Active machine learning for reaction condition optimization

November 11, 2020

In a collaboration with the University of Cambridge and the University of Lisbon, we have developed a new software tool ”LabMate.ML” that can optimize organic synthesis conditions through active machine learning.

The tool requires only 5-10 data points as training data and use this data to suggest a new experimental protocol. The success of this protocol is then feedback into the algorithm, and the adaptive learning algorithm will incorporates this knowledge to suggest a further improved protocol.

We tested the tool in nine prospective use cases, optimizing small-molecule, glyco, or protein chemistry. In all cases, the tool found suitable conditions using only 1-10 additional experiments. To contextualize this performance, we asked multiple PhD level chemists to optimize reaction conditions and found that they needed at least as many experiments as our software to find suitable conditions.

Through employing random forest models, the predictive reasoning of our machine learning tool can be easily analyzed by quantifying the importance of different parameters. We found that our tool can rapidly learn known chemical constraints, but also learned novel relationships between the parameters that defied the intuition of dozens of PhD level chemists.
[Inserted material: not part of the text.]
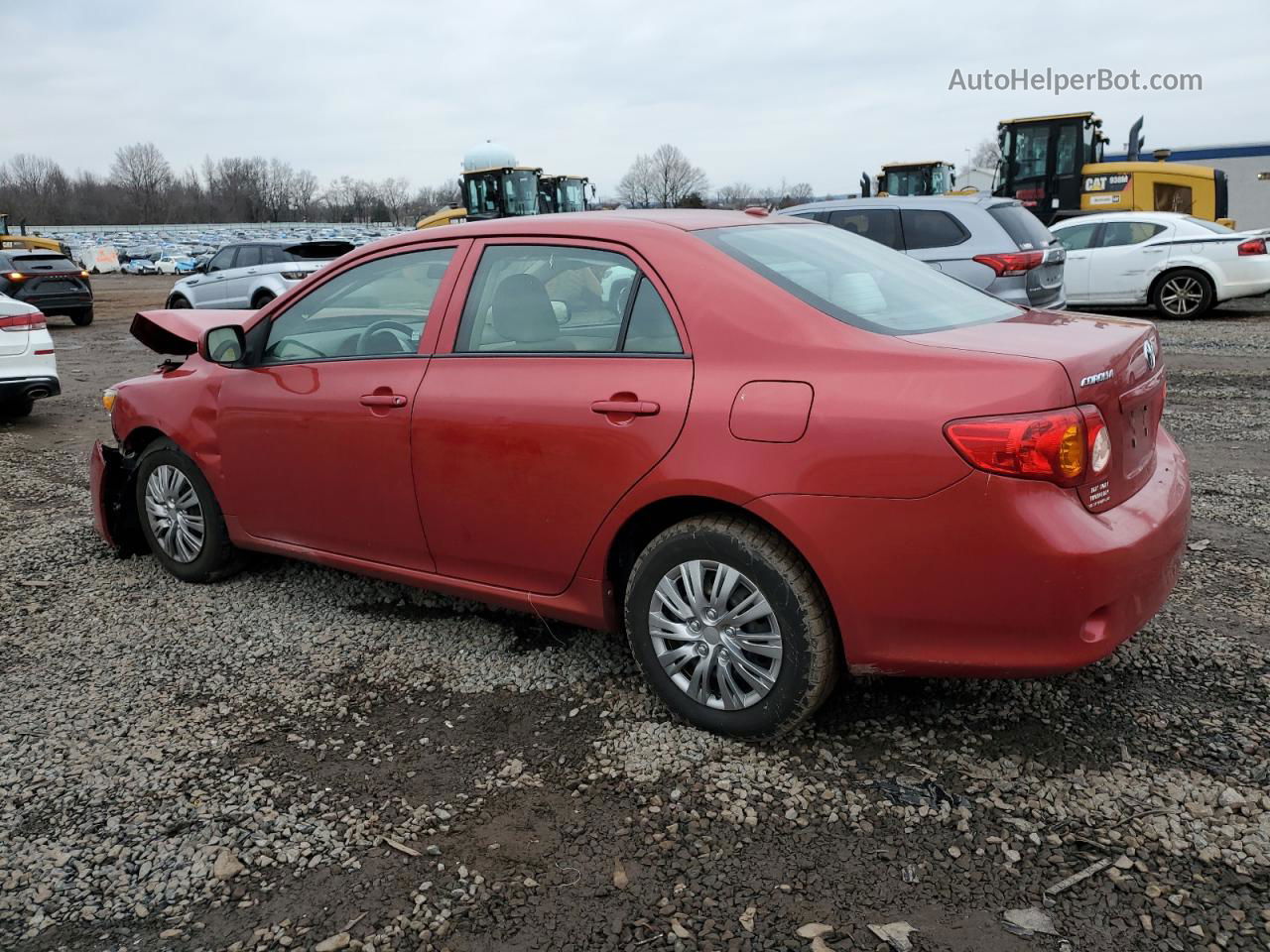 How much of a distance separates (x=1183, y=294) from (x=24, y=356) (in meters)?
14.4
Using AI to optimize reaction conditions is a flourishing field of research currently, with many successful developments from academia and industry. Many of these applications use big data from the chemical and patent literature, or employ advanced laboratory automation and flow chemistry setups. In contrast, our software can be executed on a desktop computer and with extremely limited data.

We hope that this algorithm and extensions thereof can help to streamline laborious chemistry optimization and thereby free human labor for more creative tasks. Additionally, we expect that this concept is applicable to other optimization problems in biology, chemistry, and engineering.

Reker, D., Hoyt, E. A., Bernardes, G. J., & Rodrigues, T. (2020). Adaptive Optimization of Chemical Reactions with Minimal Experimental Information. Cell Reports Physical Science, 100247.

Update on November 12th:

ChemistryWorld has written a short perspective on our article.